Note that, in this case, both the row totals and column totals are random... it is only the total number n sampled that is fixed in advance. It is this sampling scheme and the resulting test for independence that will be the focus of our attention on this page. Now, let's jump right to the punch line.

The Punch Line Section

boxing

The same chi-square test works! It doesn't matter how the sampling was done. But, it's traditional to still think of the two tests, the one for homogeneity and the one for independence, in different lights.

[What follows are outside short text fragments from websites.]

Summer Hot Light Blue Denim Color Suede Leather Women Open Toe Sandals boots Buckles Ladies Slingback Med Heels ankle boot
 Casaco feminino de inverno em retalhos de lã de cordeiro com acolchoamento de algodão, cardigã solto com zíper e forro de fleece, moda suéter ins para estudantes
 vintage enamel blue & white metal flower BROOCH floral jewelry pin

Just as we did before, let's start with clearly defining the notation we will use.

Notation Section

Suppose we have k (column) levels of Variable B indexed by the letter j, and h (row) levels of Variable A indexed by the letter i. Then, we can summarize the data and probability model in tabular format, as follows:

Variable B
Variable A \(B_1 \left(j = 1\right)\) \(B_2 \left(j = 2\right)\) \(B_3 \left(j = 3\right)\) \(B_4 \left(j = 4\right)\) Total
\(A_1 \left(i = 1\right)\) \(Y_{11} \left(p_{11}\right)\) \(Y_{12} \left(p_{12}\right)\) \(Y_{13} \left(p_{13}\right)\) \(Y_{14} \left(p_{14}\right)\) \(\left(p_{.1}\right)\)
\(A_2 \left(i = 2\right)\) \(Y_{21} \left(p_{21}\right)\) \(Y_{22} \left(p_{22}\right)\) \(Y_{23} \left(p_{23}\right)\) \(Y_{24} \left(p_{24}\right)\) \(\left(p_{.2}\right)\)
Total

\(\left(p_{.1}\right)\)

\(\left(p_{.2}\right)\) \(\left(p_{.3}\right)\) \(\left(p_{.4}\right)\) \(n\)

where:

  1. \(Y_ij\) denotes the frequency of event \(A_i \cap B_j \)
  2. The probability that a randomly selected observation falls into the cell defined by \(A_i \cap B_j \) is \(p_{ij}=P(A_i \cap B_j)\) and is estimated by \(Y_{ij}/n\)
  3. The probability that a randomly selected observation falls into a row defined by Ai is \(p_{i.}=P(A_i )\) and is estimated by \(\sum_{j=1}^{k}p_{ij}\) ("dot notation")
  4. The probability that a randomly selected observation falls into a column defined by Bj is \(p_{.j}=P(B_j) \) and is estimated by \(\sum_{i=1}^{h}p_{ij}\) ("dot notation")

With the notation defined as such, we are now ready to formulate the chi-square test statistic for testing the independence of two categorical variables.

The Chi-Square Test Statistic Section

Theorem

The chi-square test statistic:

\(Q=\sum_{j=1}^{k}\sum_{i=1}^{h}\frac{(y_{ij}-\frac{y_{i.}y_{.j}}{n})^2}{\frac{y_{i.}y_{.j}}{n}} \)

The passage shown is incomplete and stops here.